Setelah kejadian itu, hidup Dhimas tidak pernah tenang. Meski apa yang dia inginkan sudah sesuai rencana, nyatanya perasaan laki-laki itu justru semakin berantakan.

Selepas Aura pergi, Dhimas tidak bisa tidur semalaman. Ketika pagi hari tiba, ia berusaha menemui Aura di unitnya, tapi ternyata apartemen itu justru kosong, bahkan sudah datang penghuni baru yang menyewa.

"Kalau boleh tahu, penghuni lamanya pindah ke mana ya?" Tanya Dhimas.

"Maaf saya kurang tahu pak. Semalam setelah selesai transaksi, mbak Aura segera membereskan barangnya lalu pergi." Ujar si penyewa kala itu.

Dhimas menghela nafas pelan, ini sudah lebih dari lima bulan ia tidak tahu keberadaan Aura. Dua bulan pertama, laki-laki itu kerap mendatangi kantor tempat Aura bekerja, hanya demi bertemu sang mantan. Tapi sialnya, cara itu tidak pernah berhasil.

Tiga bulan kemudian, pihak kantor mengkonfirmasi jika Aura sudah mengundurkan diri. Dan teman-temannya tidak ada yang tahu dia pindah ke mana. Barangkali sebenarnya mereka tahu, tapi berusaha menutupi fakta dari Dhimas. Nomor ponsel perempuan itu sepertinya ganti, beberapa kali Dhimas menghubungi namun tidak pernah tersambung.

"Sayang, kamu ngalamunin apa sih?" Dhimas terperanjat saat tunangannya tiba-tiba mendatangi kantor.

Ya, seminggu setelah kejadian malam itu. Dhimas dan pacarnya resmi bertunangan. Namun, banyak hal yang menganggu pikiran laki-laki itu, hingga akhirnya dia menjalani semua setengah hati.

"Nggak pa-pa, lagi banyak kerjaan aja. Kamu tumben datang ke sini?" Tanya Dhimas berusaha mengalihkan pembicaraan.

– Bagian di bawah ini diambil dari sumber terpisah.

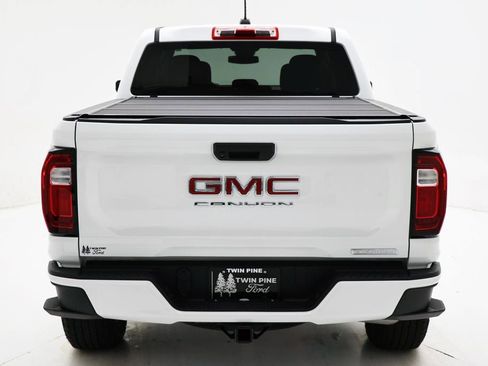 Used 2024 GMC Canyon Elevation w/ Trailering Package image 9
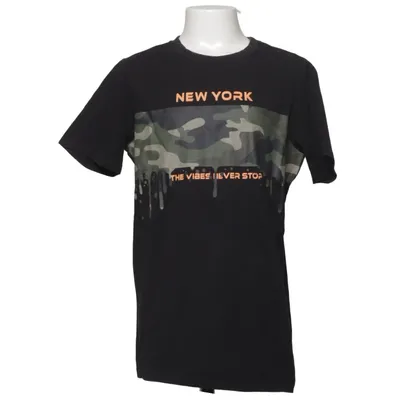 T-shirt (Black, Green) from Chapter Young Cotton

"Mampir, aku tadi baru pulang dari rumah temanku, kebetulan searah sama kantor kamu." Ujar perempuan itu sambil meletakkan bingkusan di meja.

"Oh, terus bawa apa itu?"

"Ini brownis. Enak banget deh sayang. Tadi temanku beli di ruko dekat rumahnya. Katanya baru buka dua bulan ini." Dinda, tunangan Dhimas membuka plastik dan mengeluarkan sekotak brownis.

"Aku potongin ya." Sahutnya pelan.

"Boleh,"

"Nih," Sepotong brownis yang Dinda berikan langsung Dhimas makan.

"Enak, kan?" Dhimas mengangguk sembari mengunyah pelan-pelan.

Ada perasaan aneh, saat makanan yang identik dengan warna coklat kehitaman itu masuk ke indra pengecapnya. Kaya nggak asing sama rasanya? Ujar laki-laki itu. Memori otaknya berusaha mengingat-ingat cita rasa brownisnya.

"Saking enaknya sampai nambah." Celetuk Dinda diiringi tawa.

Dhimas menatap box putih polos tempat brownis yang Dinda bawa tadi, matanya semakin fokus pada stiker kecil di tengah-tengah box.

"Ini nama toko kuenya ya, sayang?"

"Iya, Aura cake & Bakery! Ada alamatnya juga di situ. Tulisannya kecil-kecil, tapi aku udah tahu tempatnya, kapan-kapan kita beli kue ke sana yuk." Dhimas mematung, pantas saja rasa brownisnya tidak asing.

Aura, yah perempuan itu! Bagaimana Dhimas bisa lupa, bahkan keduanya dipertemukan oleh brownis beberapa tahun silam.

"Mbak jalannya hati-hati dong!" Dhimas mendengus keras kala Aura tidak sengaja menabraknya.

"Maaf ya mas, saya buru-buru sampai nggak fokus ke jalan."

"Saya maafin, tapi lihat brownis pesanan mama saya hancur begitu. Mana toko kuenya sudah tutup."

"Aduh, gimana dong? Oh, kalau nggak gini aja, mas ikut saya ke rumah biar saya buatkan brownis yang baru. Saya janji nggak akan lama." Aura terlihat panik kala itu, sampai akhirnya Dhimas iba dan menyetujui rencananya.